ECOWAS leaders in Lagos on May 28, 2025.
Delegates from member states of the Economic Community of West African States (ECOWAS) are arriving at the Banquet Hall of the State House, Abuja, for the 67th Ordinary Session of the Authority of Heads of State and Government.

This meeting comes six months after the last session in December 2024, during which the bloc ratified the withdrawal of Mali, Burkina Faso, and Niger from ECOWAS. It also marks the end of President Bola Tinubu’s second term as Chairman of the ECOWAS Authority.

President Tinubu was first elected Chairman on July 9, 2023, and re-elected for a second term on July 7, 2024.

‘End pit-to-port dependency’

Speaking at the inaugural West Africa Economic Summit (WAES) on Saturday, held at the Bola Ahmed Tinubu International Conference Centre in Abuja, President Tinubu urged West African nations to move away from the longstanding practice of exporting raw minerals without local value addition — a trend he referred to as “pit-to-port dependency.”

He called for bold investment in regional value chains, manufacturing, and innovation, emphasizing the urgency of transforming the region’s economic model.
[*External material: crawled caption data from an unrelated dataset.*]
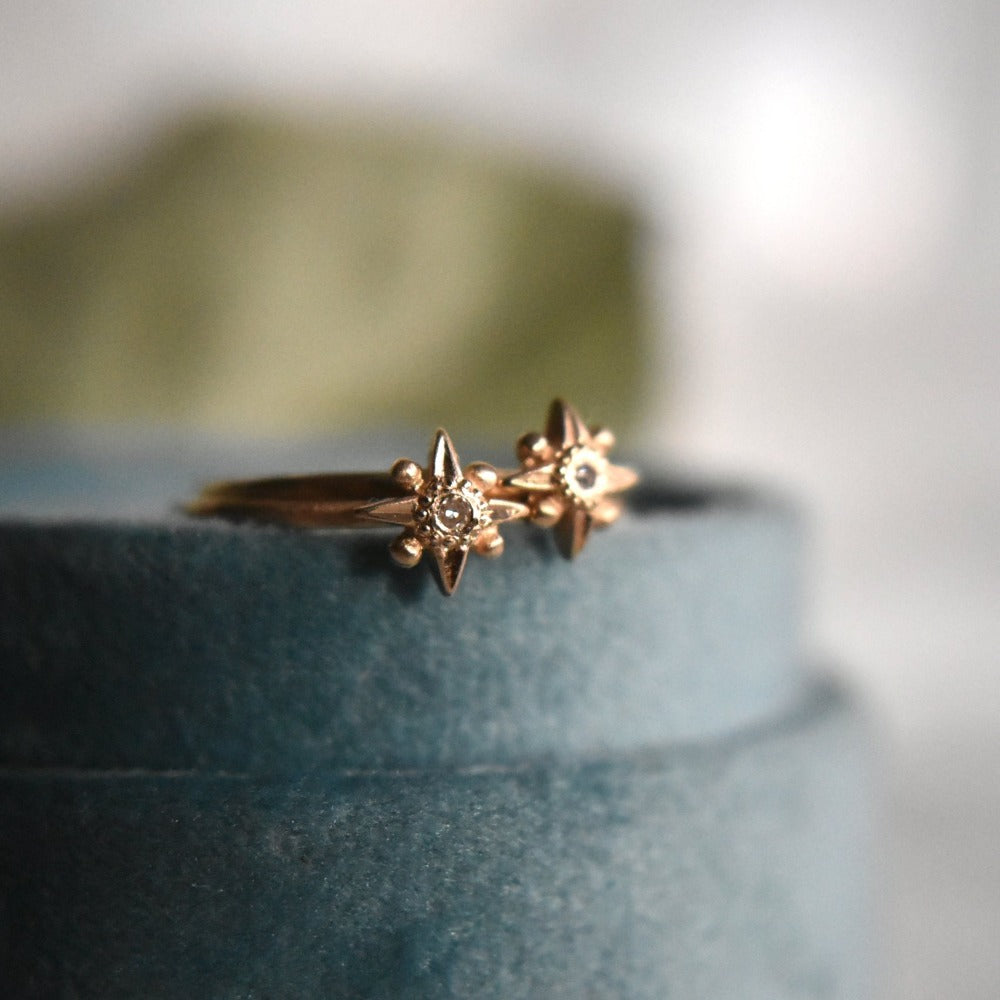 Diamond Polaris Star Ring - Elegant 925 Sterling Silver Jewelry for Women | Perfect for Engagement, Wedding, Anniversary & Special Occasions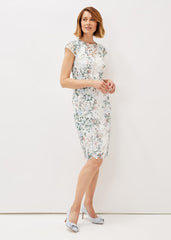 Floral Lace Overlay Pencil Dress Ivory/Multi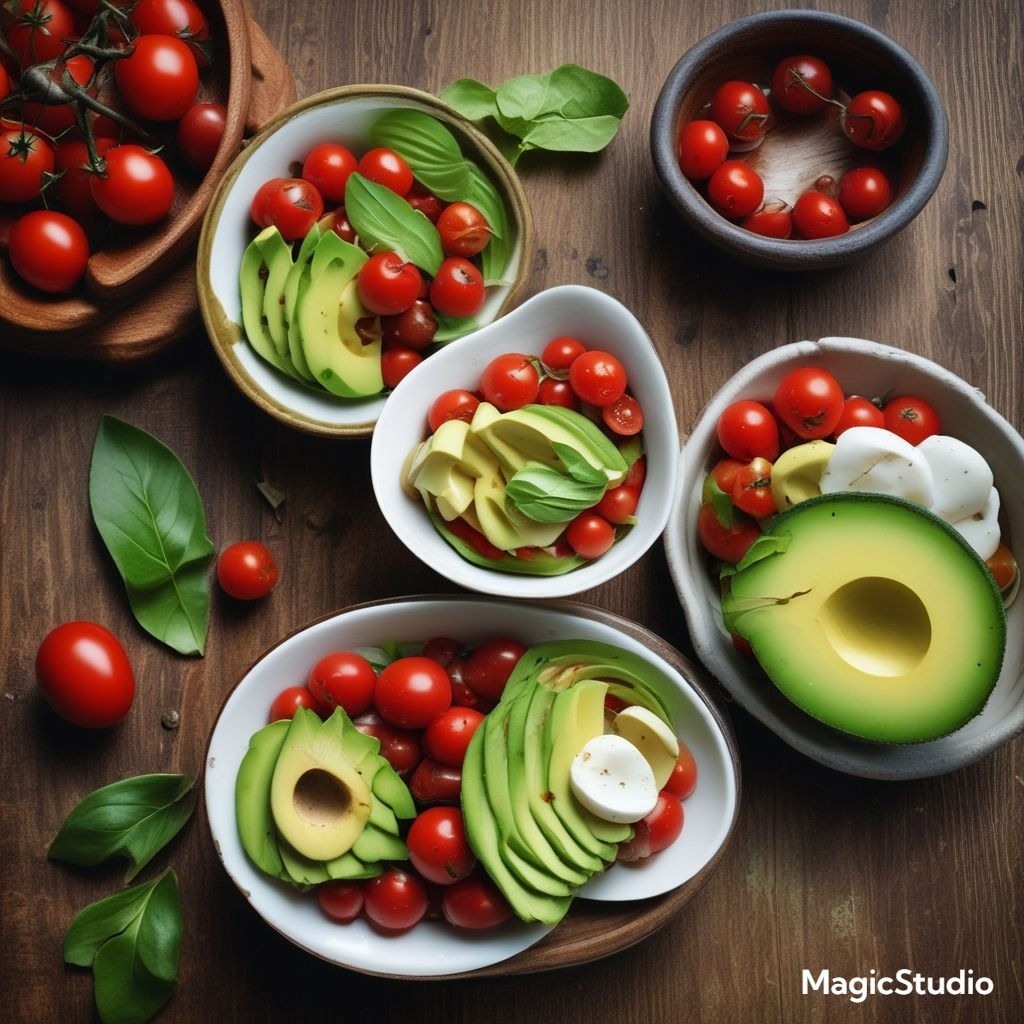 «Все ингредиенты готовы к сборке: авокадо, томаты и моцарелла.»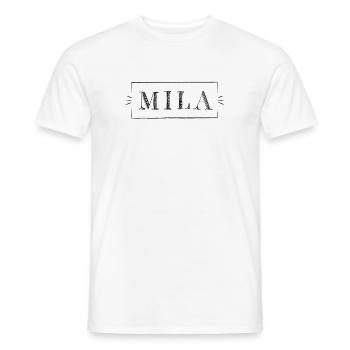 MILA - girl name in a frame - Men's T-Shirt - white - Front - AI Model Male 178 dark (178cm)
“The era of warm pit to the port must end. We must turn our mineral wealth into domestic economic value, jobs, technology, and manufacturing,” he said.

“To be resource-rich is not enough — we must become value-chain smart and invest in local processing and regional manufacturing.”

President Tinubu, speaking in his capacity as ECOWAS Chairman, warned that intraregional trade across West Africa remains below 10 percent — a gap he attributed not to lack of political will, but to inadequate coordination and infrastructure.

“Opportunity alone does not guarantee transformation. The global economy will not wait for West Africa to get its hands together — nor should we,” he said.

“Rather than competing in isolation or depending on external partners, we must strengthen our regional value chains, invest in infrastructure, and harmonize our policies.”

Highlighting the region’s youthful population as its greatest untapped asset, Tinubu cautioned that it could become a burden if not supported through education, digital infrastructure, and enterprise development.

“Our prosperity depends on regional supply chains, energy networks, and data frameworks. We must design them together — or they will collapse separately.”

“From the Lagos-to-Abidjan highway and the West African Power Pool to creative industry initiatives, our joint projects show what’s possible when we collaborate. But we must now move from declarations to concrete deals — from policy frameworks to practical implementation.”